New techniques, such as microvascular free
tissue transfer, bone transport and limb lengthening, indirect reduction, and minimally invasive fracture surgery
the goal of fracture treatment is
to return patients to their preinjury activity
level as quickly as possible while minimizing
the risk of complications.
The care of each
patient must be individualized, taking into
consideration patient factors such as age, occupation, medical health, and individual risk
expectations, as well as injury-related factors
such as the nature and number of injuries and
concomitant soft tissue trauma.
Role and functions of physiotherapy
Role and Responsibility:
The role of physiotherapy in fracture management is so valuable that none can boast of a 100% recovery without the attention and care by a physiotherapist.
. Objective of physiotherapy
The objective is to restore to the maximum the function and the efficiency of the injured musculoskeletal complex along with other adjacent joints of the affected limb and to maintain or improve the functional capacity of the unaffected parts of the body.
Fracture or joint dislocation two main stages:
(1) Immobilization:
(a) Reduction of the fracture either by conservative or surgical approach
(b) Retention of the reduction
(2) Mobilization:
It is required when the joints adjacent to the fractured bone get stiff and painful because of prolonged immobilization.
Physiotherapeutic management of fractures
Return of normal to near-normal function following correct and timely management of a fracture is possible by simple methods of physiotherapy. But the physiotherapist faces a challenge in regaining the functional independence in a patient with complicated multiple fractures, mismanaged fractures, nonunions and fractures where surgery is contraindicated.
1. Management of a fracture: It could be surgical or conservative
2. Site of involvement: The body segment, e.g., upper extremity, lower extremity, trunk and their sub segments https://telegram.me/aedahamlibrary
3. Type of fracture: Simple, compound, comminuted
4. Associated problems: A fracture may be associated with joint complications, and injuries to the soft tissues like muscles, tendons, ligaments and nerves.
More read physiotherapy in fracture management ➽➽➽➽ click
Role and Responsibility:
The role of physiotherapy in fracture management is so valuable that none can boast of a 100% recovery without the attention and care by a physiotherapist.
. Objective of physiotherapy
The objective is to restore to the maximum the function and the efficiency of the injured musculoskeletal complex along with other adjacent joints of the affected limb and to maintain or improve the functional capacity of the unaffected parts of the body.

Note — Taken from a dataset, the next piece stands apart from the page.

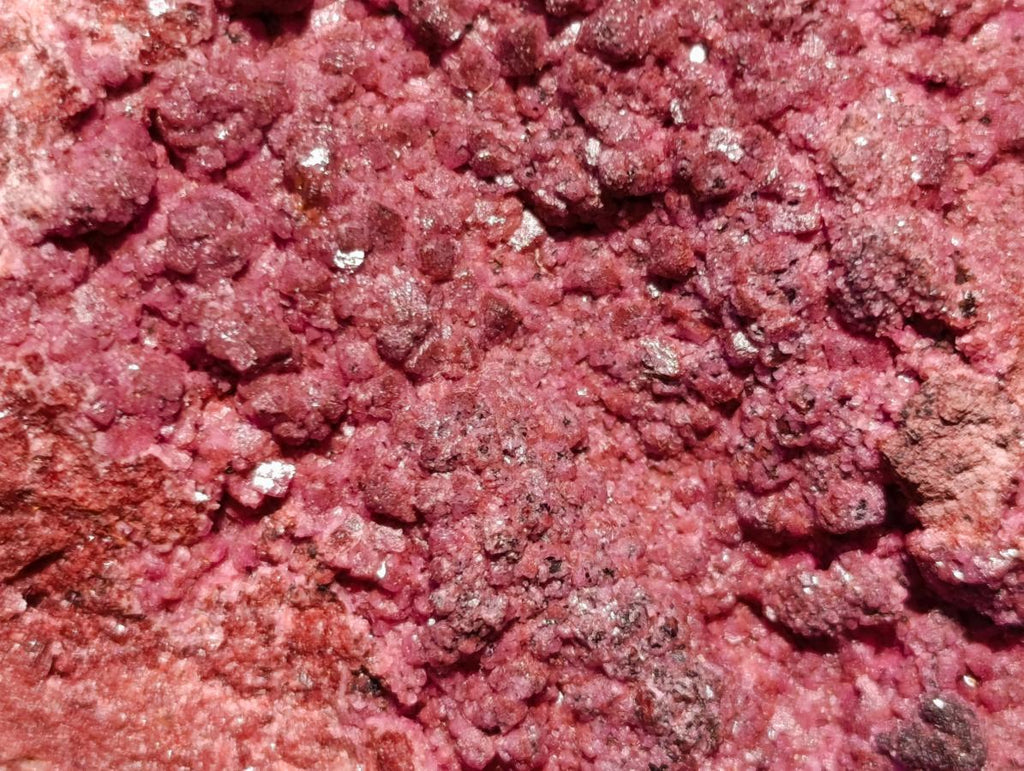 Natural Salrose Cobaltoan Dolomite Specimens x 3 From Kakanda, Congo - Toprock Gemstones and Minerals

Fracture or joint dislocation two main stages:
(1) Immobilization:
(a) Reduction of the fracture either by conservative or surgical approach
(b) Retention of the reduction
(2) Mobilization:
It is required when the joints adjacent to the fractured bone get stiff and painful because of prolonged immobilization.
Physiotherapeutic management of fractures
Return of normal to near-normal function following correct and timely management of a fracture is possible by simple methods of physiotherapy. But the physiotherapist faces a challenge in regaining the functional independence in a patient with complicated multiple fractures, mismanaged fractures, nonunions and fractures where surgery is contraindicated.
1. Management of a fracture: It could be surgical or conservative
2. Site of involvement: The body segment, e.g., upper extremity, lower extremity, trunk and their sub segments https://telegram.me/aedahamlibrary
3. Type of fracture: Simple, compound, comminuted
4. Associated problems: A fracture may be associated with joint complications, and injuries to the soft tissues like muscles, tendons, ligaments and nerves.